27 April 2016

An Update on Bias in Proposal Reviews

C. Urry Yale University

Last week I wrote about the issue of bias in the proposal peer review process. Here is an update from the Chandra X-ray Observatory project, which has also been tracking the success rates of men and women.

The figure shows the proposal acceptance rate over 17 Chandra review cycles for male (blue) and female (red) principal investigators (PIs). Although acceptance rates were higher for men than women in the early years, they have been indistinguishable since Cycle 10 (in 2009).
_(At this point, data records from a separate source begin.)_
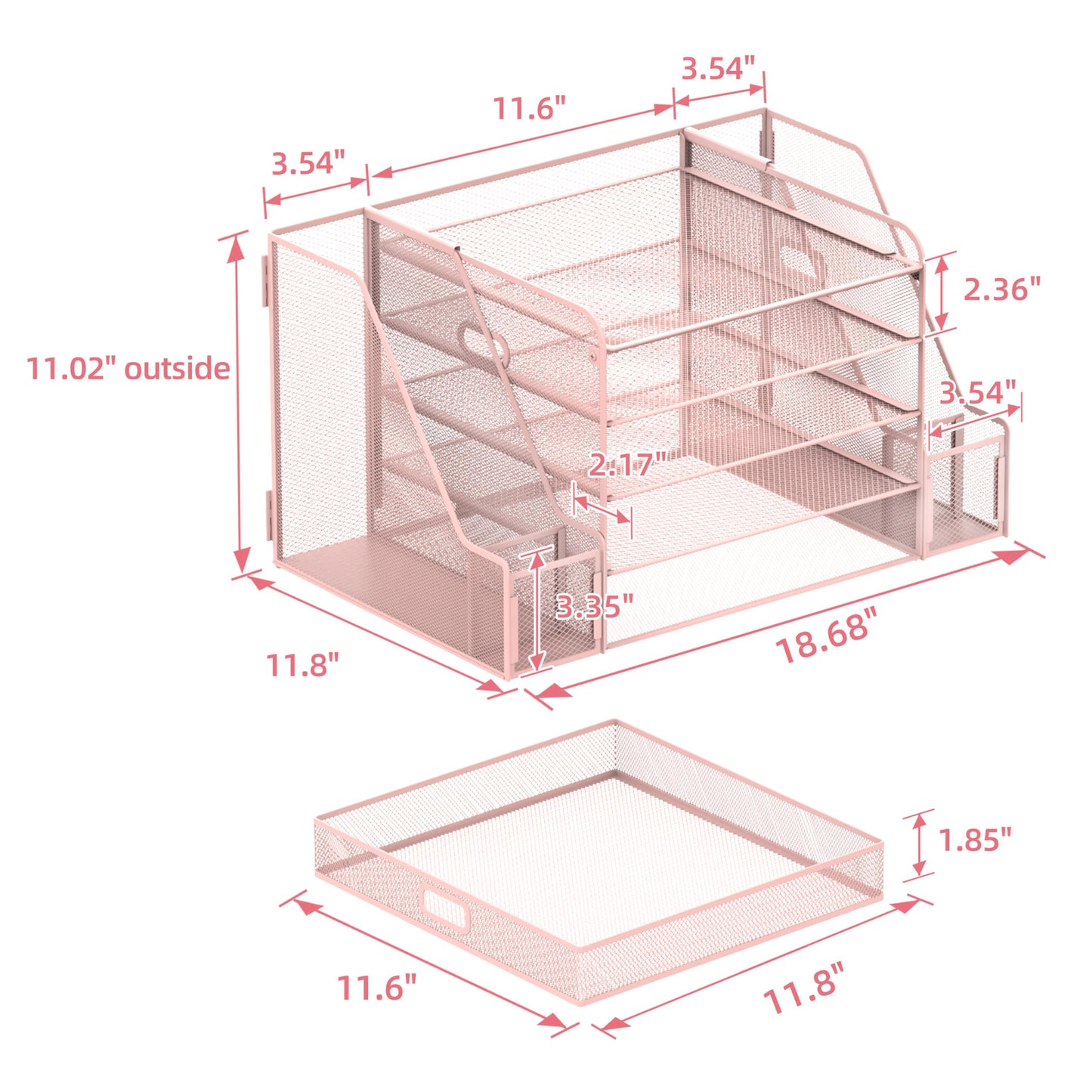SUPEASY Mesh Desk Organizer with File Holder, 5-Tier Paper Letter Tray Organizer with Magazine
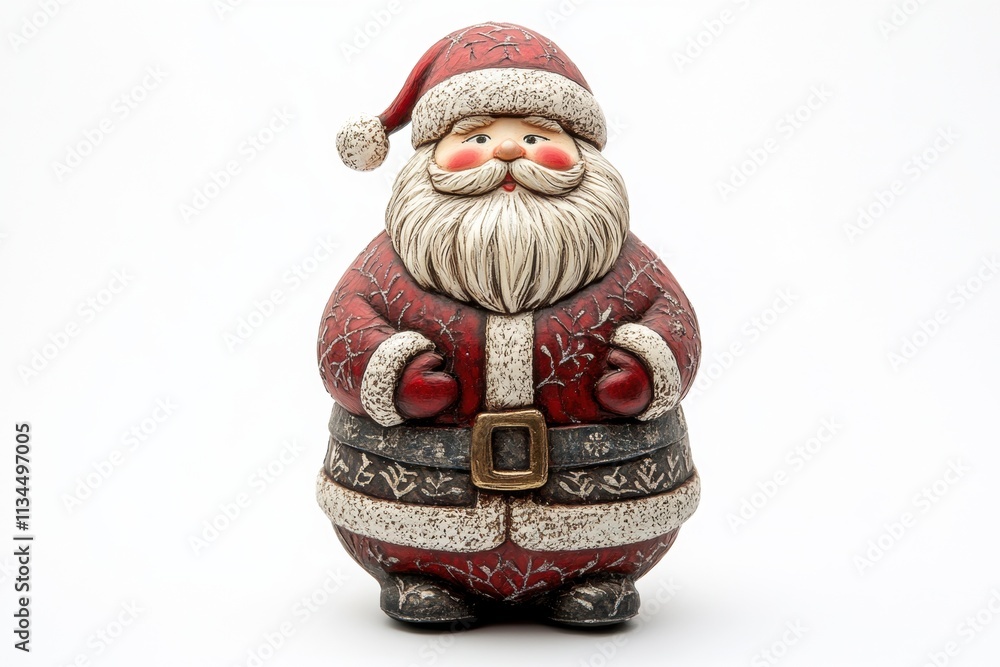 Santa claus figurine wearing traditional red suit smiling on white background Santa claus figurine wearing traditional red suit smiling on white background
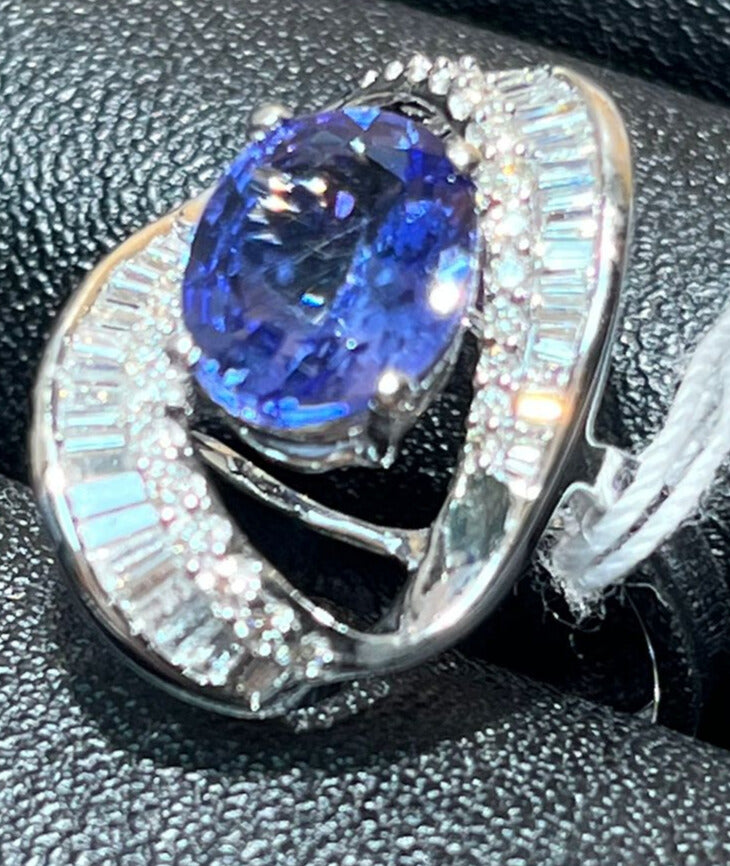 750WG TAZ1 D26 TD39 5.0G Tanzanite Diamond Ring Secondary image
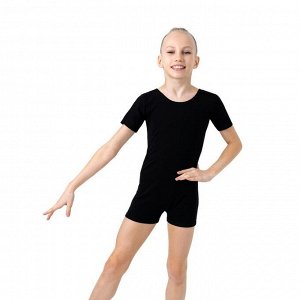 Grace Dance Купальник-шорты, с коротким рукавом, цвет чёрный
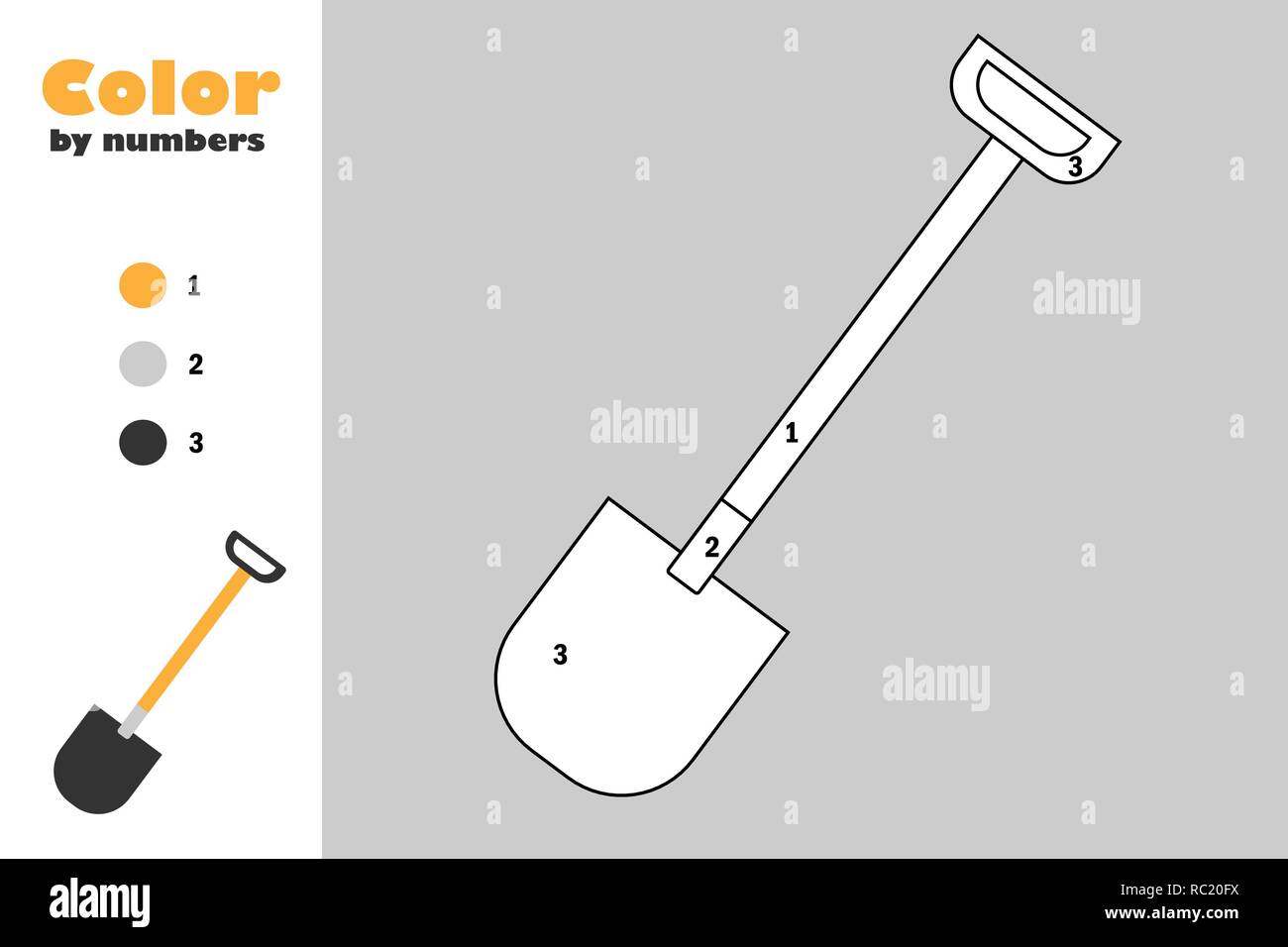 Shovel in cartoon style color by number education paper game for the development of children coloring page kids preschool activity printable worksheet vector illustration stock vector image art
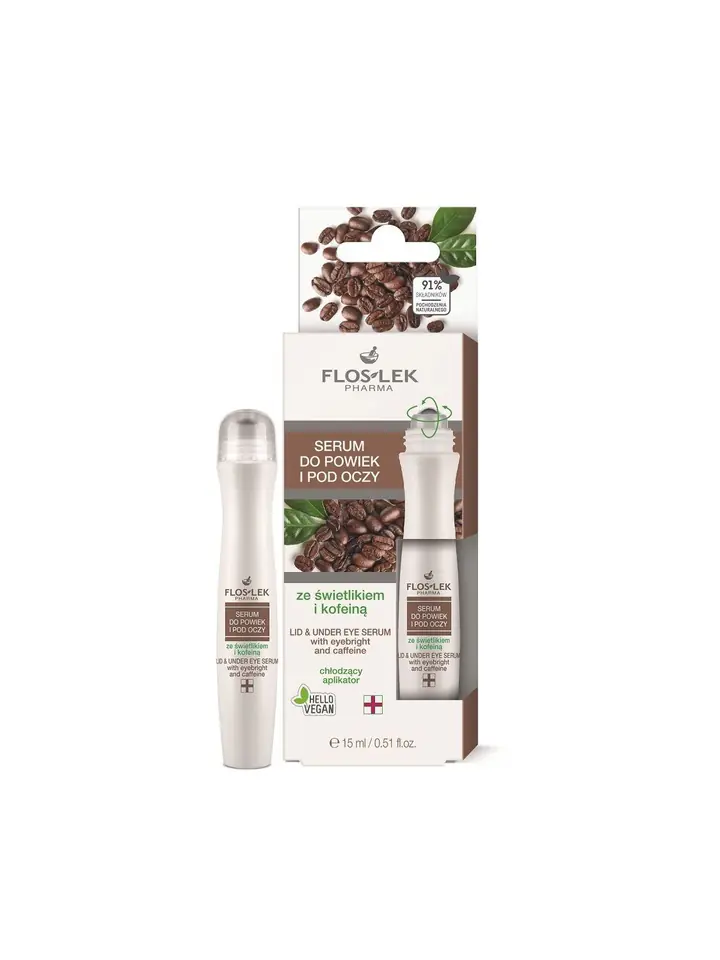 ⁨Floslek Pharma Serum do powiek i pod oczy ze świetlikiem i kofeiną 15ml⁩ w sklepie Wasserman.eu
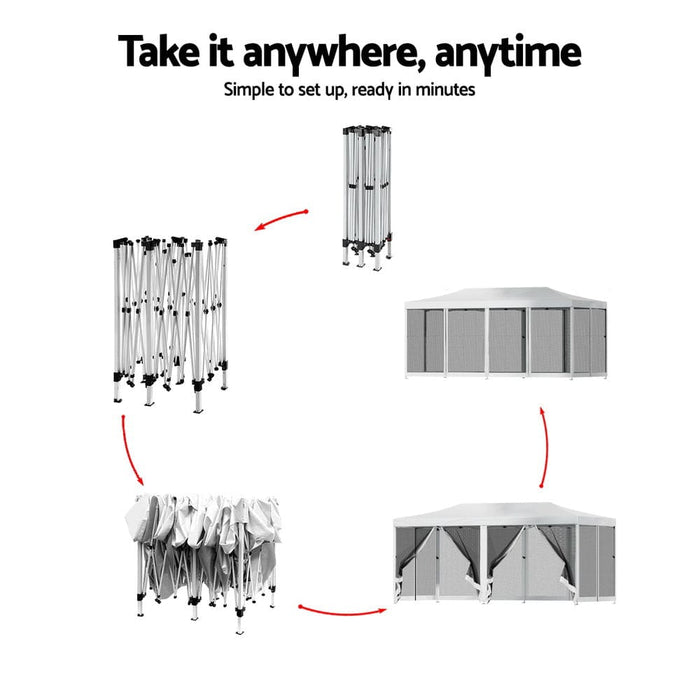 Gazebo Pop Up Marquee 3x6 Outdoor Wedding Mesh Side Wall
Shown in dark grey is the fraction of submitted Chandra proposals led by a woman, which has been rising steadily from 17% in Cycle 1 to nearly 30% in Cycle 17. The Chandra X-ray Center notes that evidence of bias went away as the percentage of female Chandra PIs reached ~25%, perhaps indicating a critical mass for this process. According to Neill Reid’s presentation to the Space Telescope Users Committee last November, the fraction of female PIs in Hubble proposals has hovered near 25% since Cycle 21 (2013). If that fraction increases over future cycles, we can see whether the gender differential decreases, though many other variables could be at play.

The good news is that our colleagues at the major observatories are on top of this problem and are working toward a solution. Peer review is at the heart of what we do. It has to be fair.